So, If you are trying to create more dynamic content for them, or trying to customize notifications for them, you’ll need to run experiments.
The more you use machine learning to figure out what someone should see based on who they are, you also have to experiment to quantify the improvements you can make to certain metrics.
Do you care about getting more subscribers? Do you care about people spending more time on the platform? Machine learning teams are heavily incentivized to quantify, through experimentation, their ability to positively affect key metrics, especially since so much of their work starts off within the innovation bucket. As we are seeing with generative AI right now, many ML models are built to explore various possibilities and build capabilities that take advantage of new techniques early. But ultimately, the work has to have quantifiable business benefits or ML teams won’t be able to attract the right investment.
You need experimentation to quantify the positive impact that you see through those ML changes for the core metrics that you care about.
There are going to be a lot more companies that use generative AI as a part of their product.
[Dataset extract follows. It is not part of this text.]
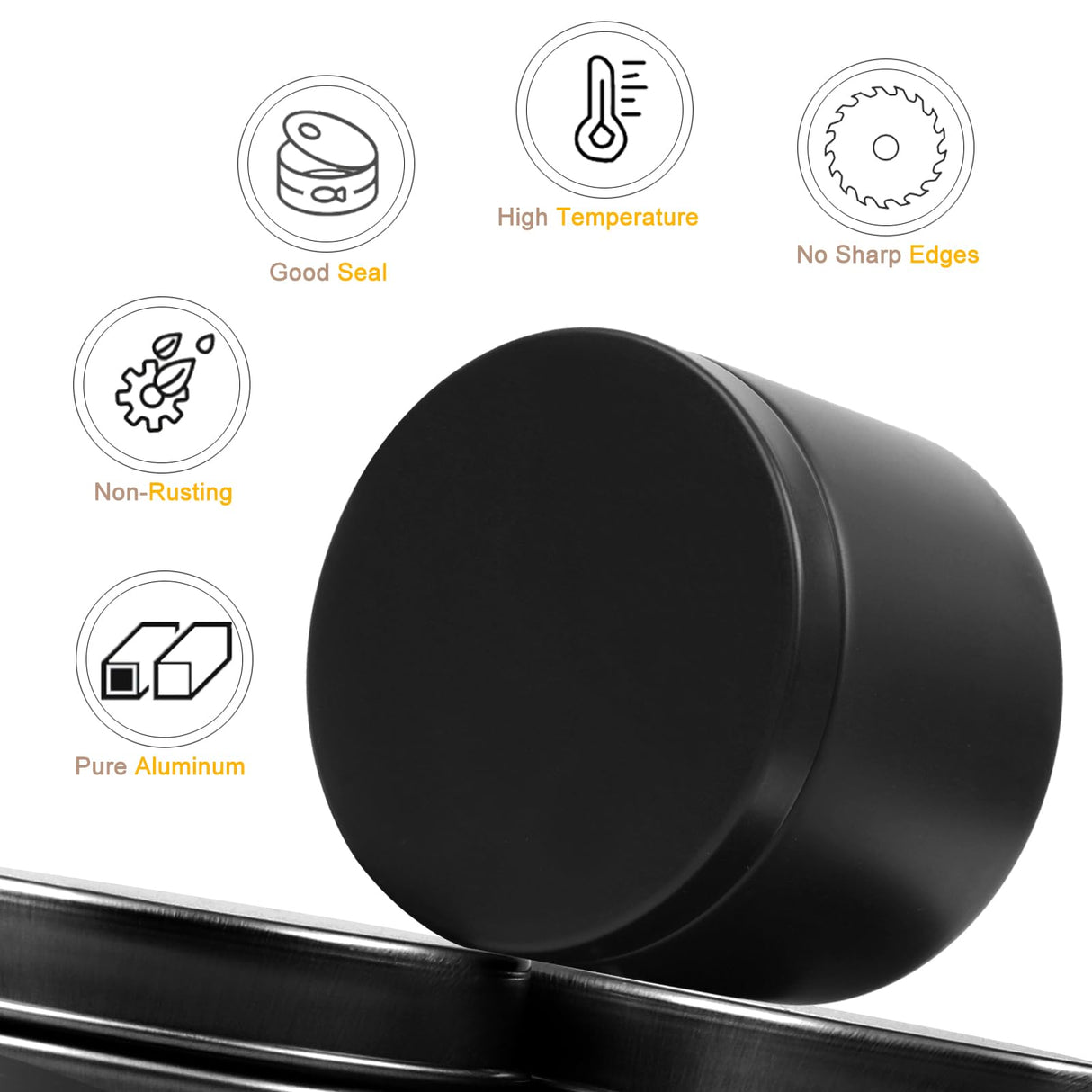 DINGPAI 24 Pcs Black Candle Tins, 4 oz Black Empty Candle Tin with Lids for DIY Candles Making, Matte Full Black Candle Jars for Candle Making, DINGPAI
Customer support could be a very good use case. It has always had some components that were at least somewhat automated. We’ve all chatted with support bots before. But now, when you combine that use case with really large language models that can process all the knowledge from past customer support cases that have been solved, there is a greater likelihood of more relevant and accurate solutions. AI has the capacity to generate much more helpful responses than old-school bots.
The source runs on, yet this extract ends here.